There is some regret over yesterday’s post. Everyone I told about it has either said nothing or been supportive, which is a good thing, I guess. Mostly I just feel like I was a bit too… Well… Honest. I’m a private person with no real desire to be open, so to have a massive essay detailing personal struggles when I wasn’t really someone who liked that sort of thing is very, very disconcerting.

Let’s talk about something else.

Yesterday – after awkward blogging – I made chili con carne. It was pretty amazing, but the serving I made for myself ended up being around five times bigger than I could possibly eat. The bright side is I now have three lunches over the next week sorted, which cuts down on Macca’s.

On that note (?) my friend is using a gib in her shoot. It’s fairly cool, and I hope we get to use it in our show (story for another time).

I really want my gum right now, but the camera’s rolling and my bag isn’t with me. I’m supposed to be in a cafe and I don’t want to draw attention by getting up.

After this shoot wraps I’m gonna go to the library and write an essay about remediation for an hour or so, then I’m gonna go up to Queen Victoria Market and locate and purchase a nice pineapple. You see, when I don’t know what to give someone for their birthday, I give them something they obviously don’t want, I.e. a pineapple. This friend would probably appreciate it though. Issue is, pineapples always get their leaves hacked off in supermarkets and fruit stalls, and a headless pineapple is a lousy gift. I have to find a pretty one.

I have to attend two parties tonight: pineapple girl’s Twin Peaks-themes birthday bash and the wrap party for Live on Bowen at the Wilde. Why people have parties on Sunday is beyond me.

Oh wait: the election. That’s depressing. I mean… Tony Abbott? Really? No, just no. He’s an idiot who does not deserve to be the supposed leader of this country. As I said with a friend last night, they were both bad decisions but Rudd was just bad taste, while Abbott is a cry for help. Interestingly, he’s also cut $4.5 billion from foreign aid.

Not gonna rant. I think my time at the shoot is done.
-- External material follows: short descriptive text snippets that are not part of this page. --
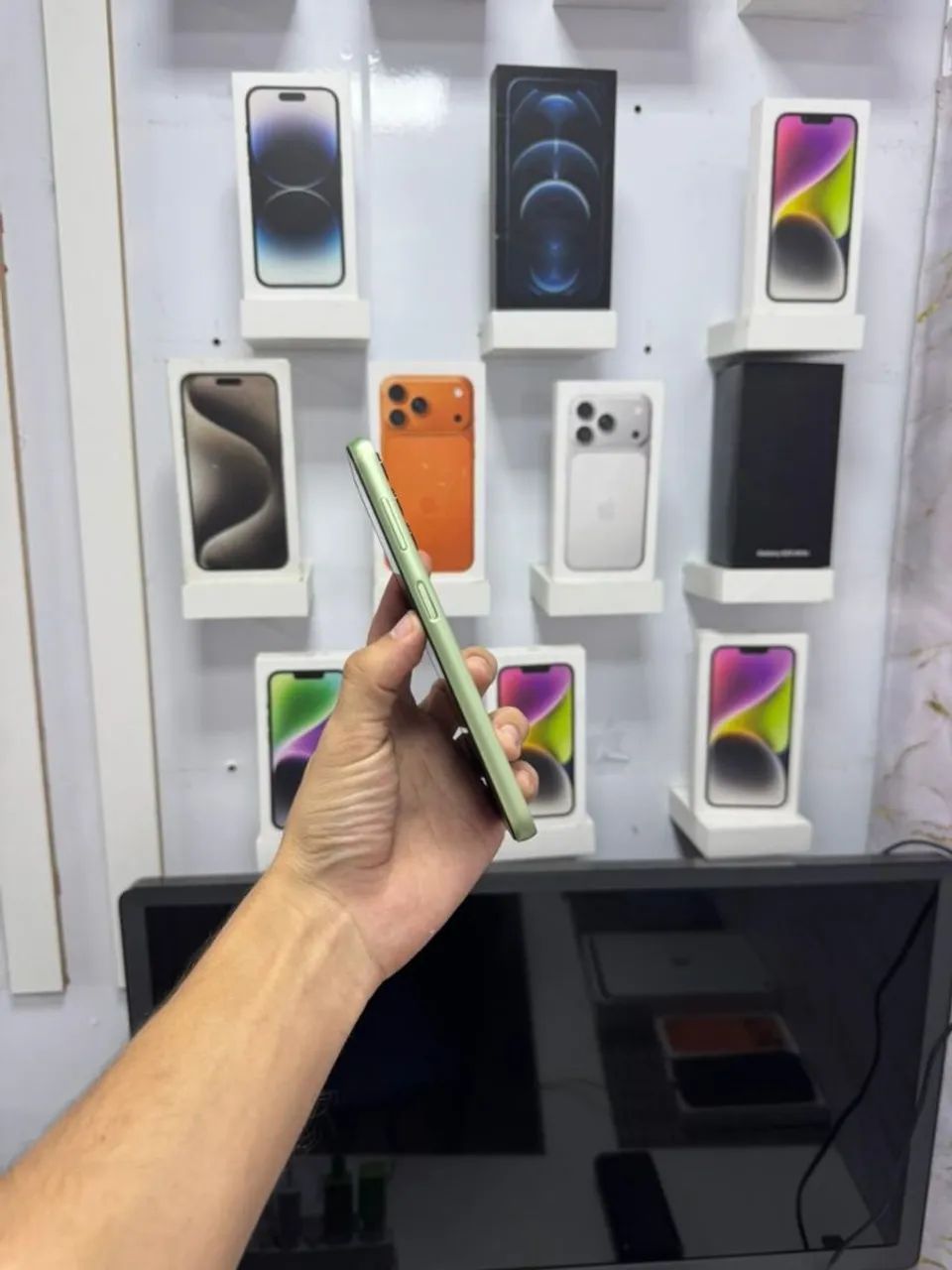 SAMSUNG GALAXY A14 128GB - Foto 3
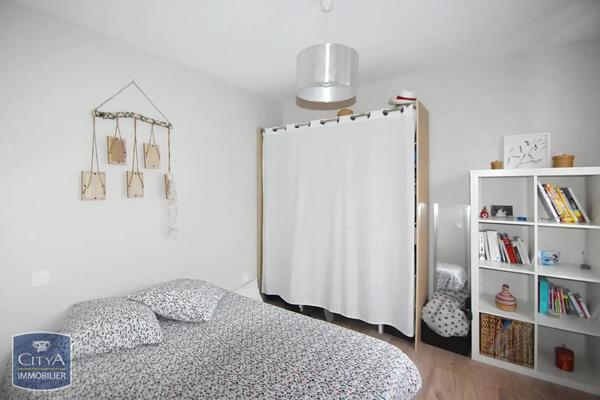 Maison à vendre 4 pièces 92.28m²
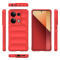 Чохол для смартфона Cosmic Magic Shield for Xiaomi Redmi Note 13 Pro 5G/POCO X6 5G China Red (MagicShXiNo13P5GRed)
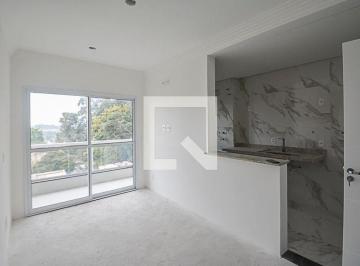 Apartamento · 55m² · 2 Quartos · 1 Vaga · Apartamento à Venda - Paulicéia, 2 Quartos, 55 m2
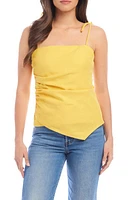 FIFTEEN TWENTY Stilla Camisole Yellow at Nordstrom,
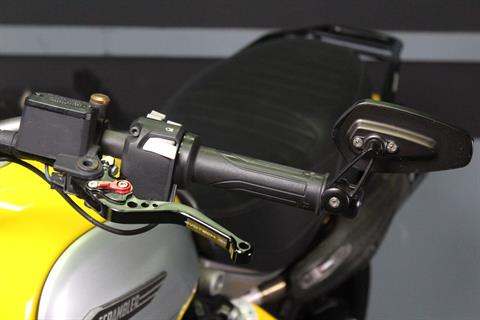 2018 Ducati Scrambler 1100 in Portland, Oregon - Photo 9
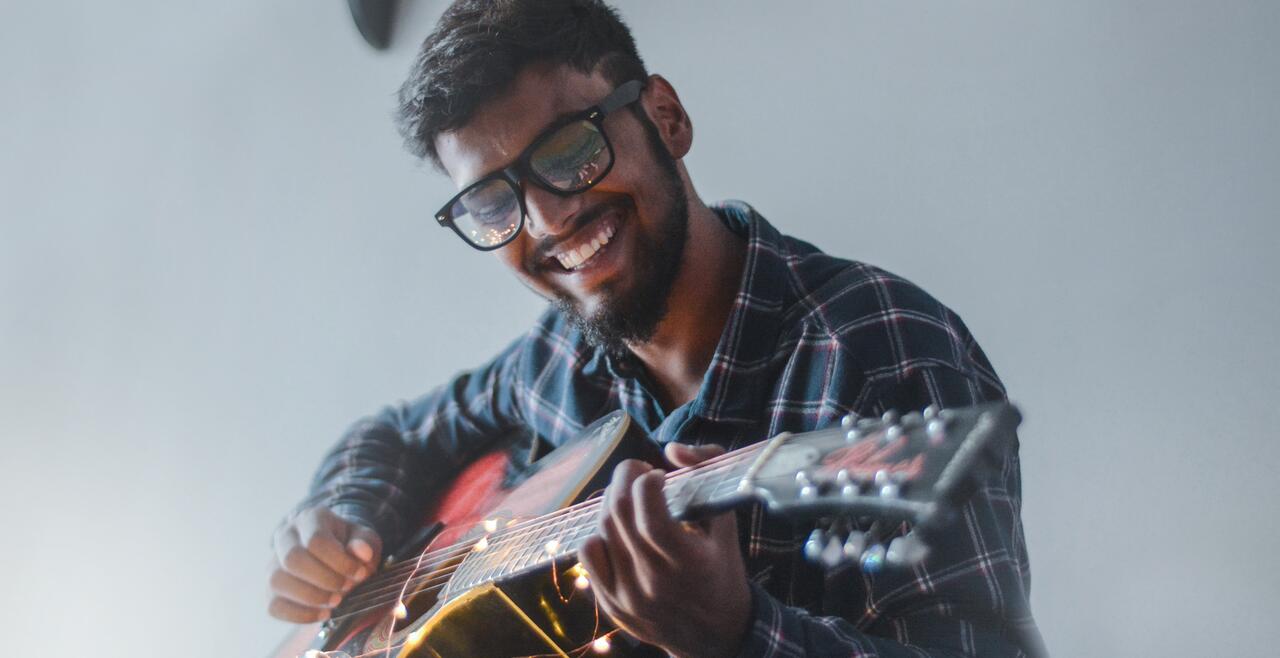 guitar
Gonna go now.

Honesty

I don’t really know why I’m doing this, other than I’m feeling like shit (screw the <EXPLETIVE DELETED> garbage) and a lot of people have been asking me annoying questions after I started going a bit over the rails.

To briefly sum up my answer to the most common one: No, I’m not OK. But thanks for asking, and don’t ever do it again.

If you aren’t really into soppy, emotional stuff just stop reading, because I need to be a bit honest and right now honesty is telling everyone about my problems. Imagine slow violins and cellos in the background, me standing alone on a stage, the spotlight blaring down on me. All eyes on me. I can’t speak for anyone else, so I’m not going to. Just stop if this is annoying you.

How do I start? Simply put, this year has been especially hard for me. No, I’m not overworked, I haven’t broken up with anyone, my pain is all someone else’s trials. I won’t be specific because it’s not my place to divulge the specifics there, but some people reading this know what I’m talking about. Anyway, the big issue for me was really the loss of a support network. When bad things happen I would turn to my friends, but after a year of living four hours away from any of them, and being largely telephone and social media illiterate, I had lost a fair few of mine. It didn’t help that at the start of the university year I moved here, leaving behind the few that I still had in my small home town. To make matters worse – and people who know me would already know this – I despise texting, and I don’t really like saying anything with weight over a telephone. I have to do it in person. Maybe I’m a control freak, maybe I just don’t like the idea that someone could instantaneously sever communication when things get tough. I don’t know, I’m happy to say it just bothers me.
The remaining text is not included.